**What you have to do:**
Here the job is to retype the data word for word while leaving the pictures aside.

**Data for review:**
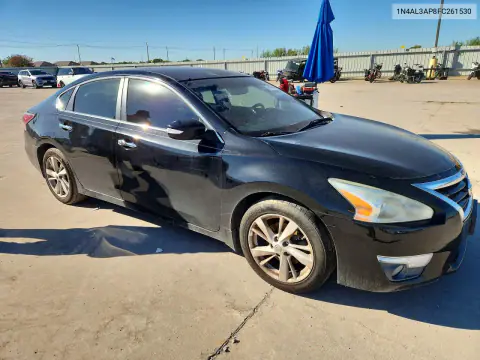 2015 Nissan Altima 2.5 Sv VIN 1N4AL3AP8FC261530 фото 4
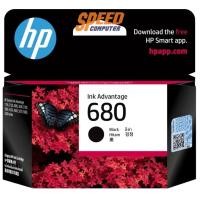 ราคา หมึกเครื่องปริ้นเตอร์ HP 680 สีดำ Ink Advantage Caridges (F6V27AA) (7054620983392)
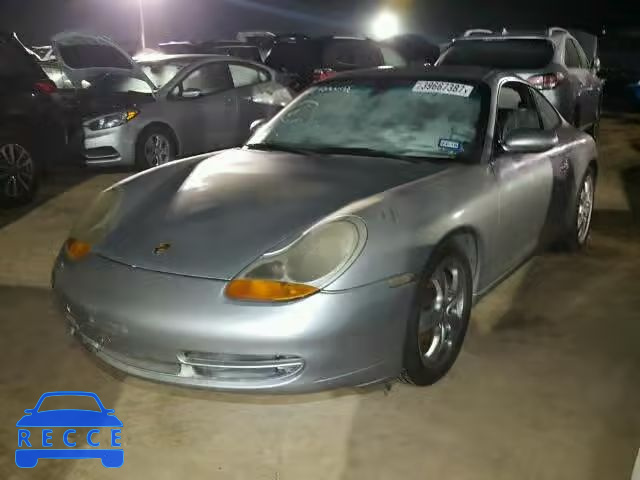 2001 PORSCHE 911 CARRER WP0AA29901S620190 image 1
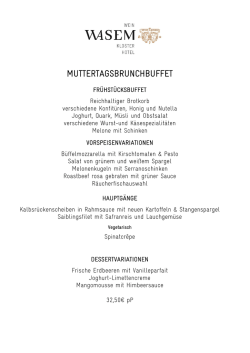 heute hat Mama frei... Weitere Infos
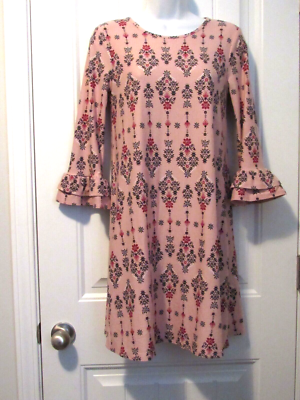 burgundy and peach dress Peach Midnight Romance Maxi Dress main image 1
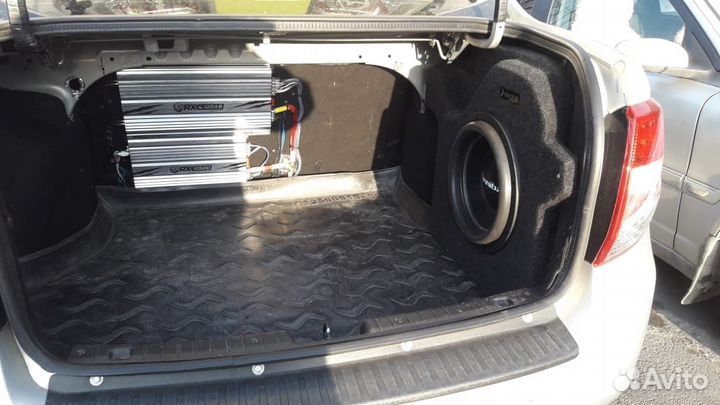 LADA Granta седан Короб Стелс в багажник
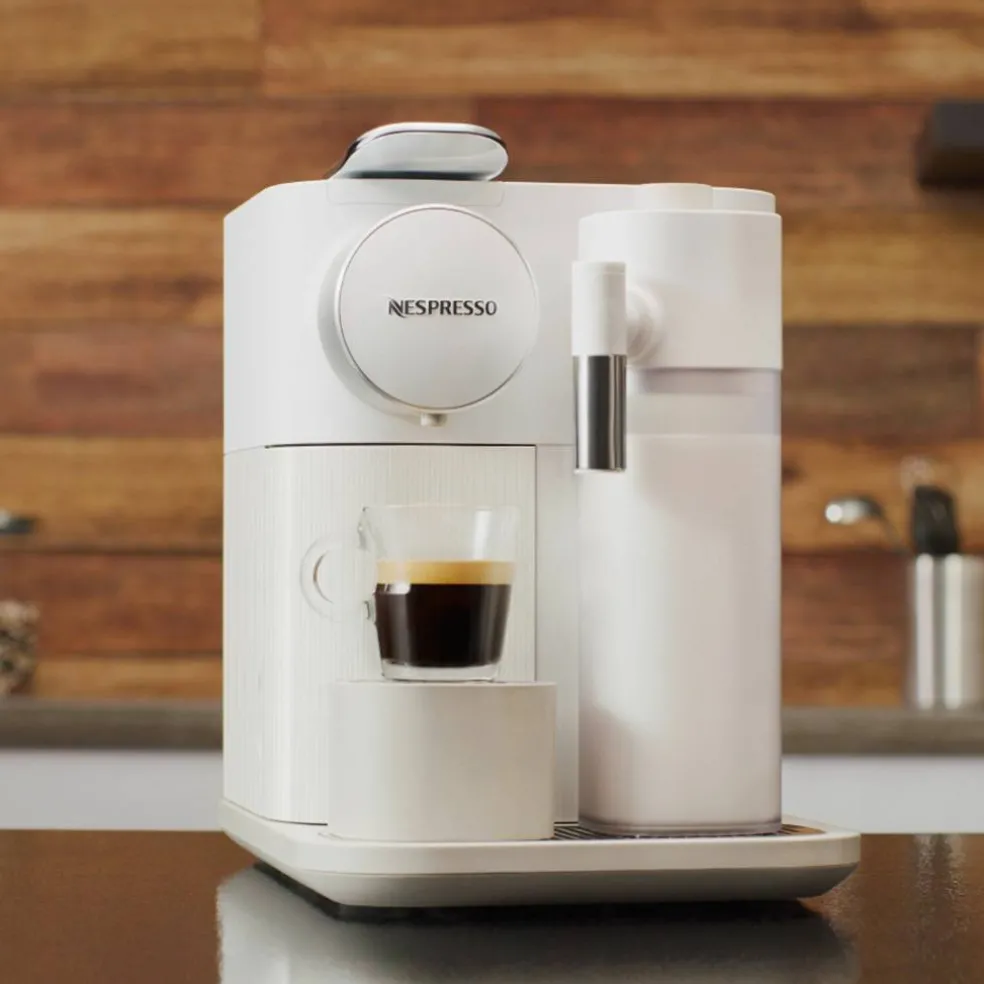 Gran Lattissima kaffemaskin, 1,3 liter, vit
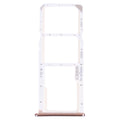 SIM Card Tray + SIM Card Tray + Micro SD Card Tray for Huawei Nova 2 Lite / Y7 Prime (2018) (Silver)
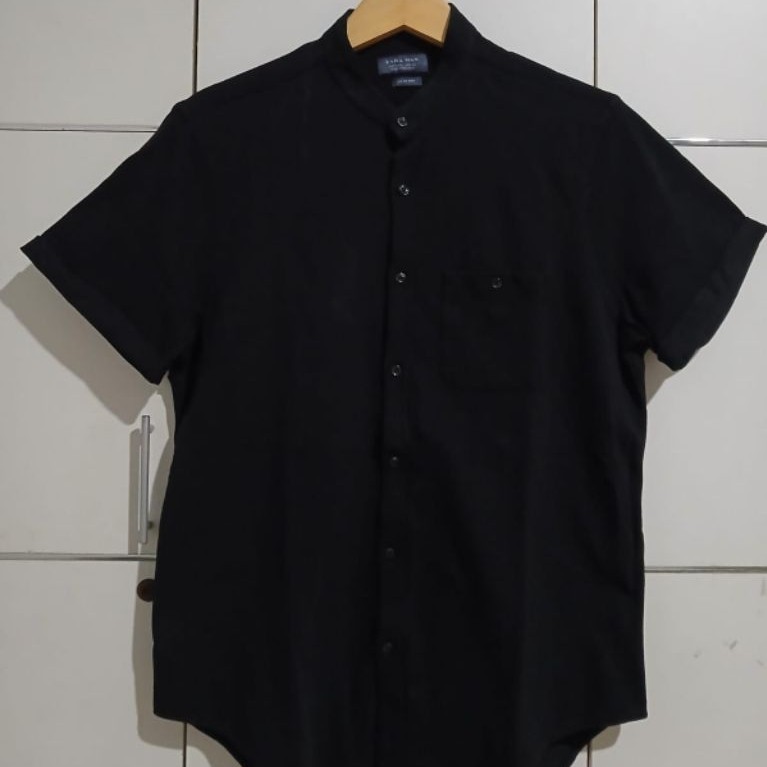 Zara Man Kemeja Pria Casual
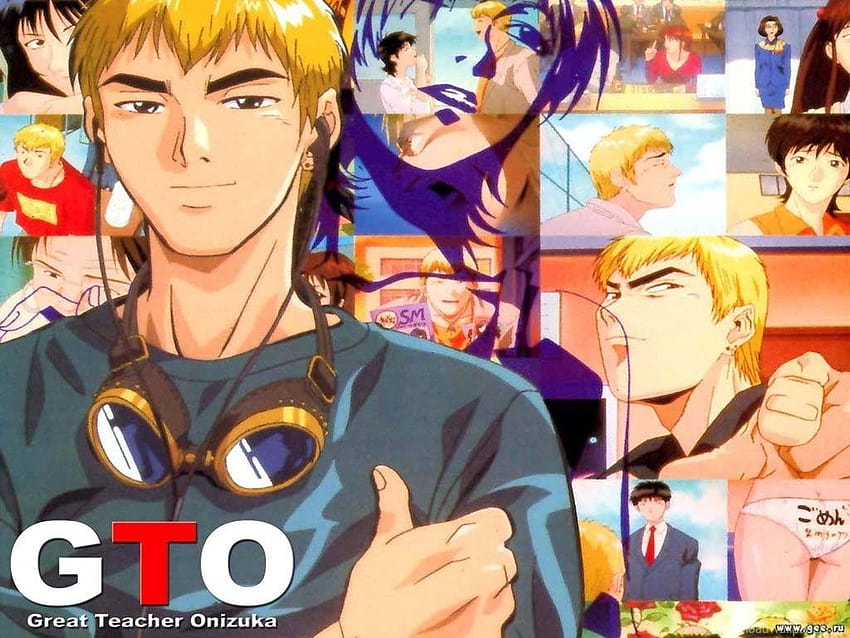 Great Teacher Onizuka, eikichi onizuka HD wallpaper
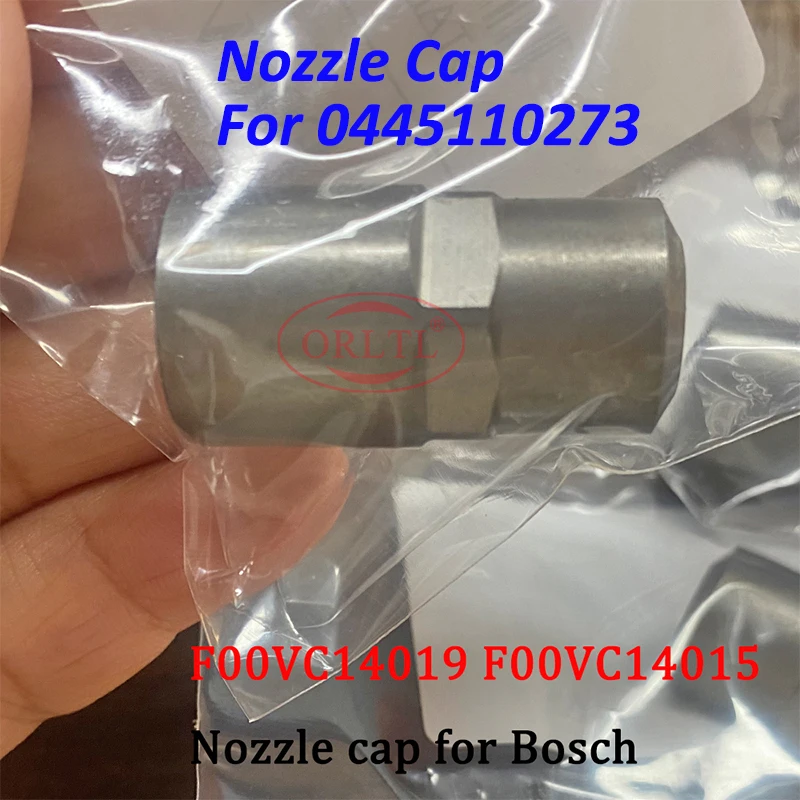 

F00VC14019 Nozzle Nut Common Rail Injection Spray Nut F 00V C14 019 Diesel Nozzle Cap F00VC14019 For 0445110273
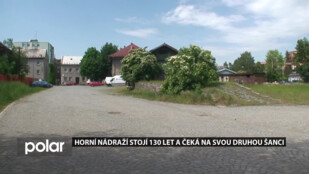 Horní nádraží stojí 130 let a čeká na svou druhou šanci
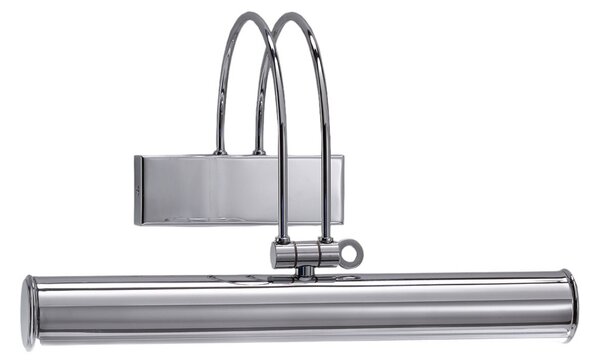 Cremasco Opera lampă de tablou în crom strălucitor, reglabil, Metalic, Hol, Metal, Modern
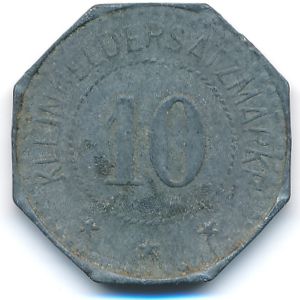 Ворт., 10 пфеннигов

**The answer:**
 2015 Nissan Altima 2.5 Sv VIN 1N4AL3AP8FC261530 фото 4
 ราคา หมึกเครื่องปริ้นเตอร์ HP 680 สีดำ Ink Advantage Caridges (F6V27AA) (7054620983392)
 2001 PORSCHE 911 CARRER WP0AA29901S620190 image 1
 heute hat Mama frei... Weitere Infos
 burgundy and peach dress Peach Midnight Romance Maxi Dress main image 1
 LADA Granta седан Короб Стелс в багажник
 Gran Lattissima kaffemaskin, 1,3 liter, vit
 SIM Card Tray + SIM Card Tray + Micro SD Card Tray for Huawei Nova 2 Lite / Y7 Prime (2018) (Silver)
 Zara Man Kemeja Pria Casual
 Great Teacher Onizuka, eikichi onizuka HD wallpaper

F00VC14019 Nozzle Nut Common Rail Injection Spray Nut F 00V C14 019 Diesel Nozzle Cap F00VC14019 For 0445110273
 Horní nádraží stojí 130 let a čeká na svou druhou šanci
 Cremasco Opera lampă de tablou în crom strălucitor, reglabil, Metalic, Hol, Metal, Modern
 Ворт., 10 пфеннигов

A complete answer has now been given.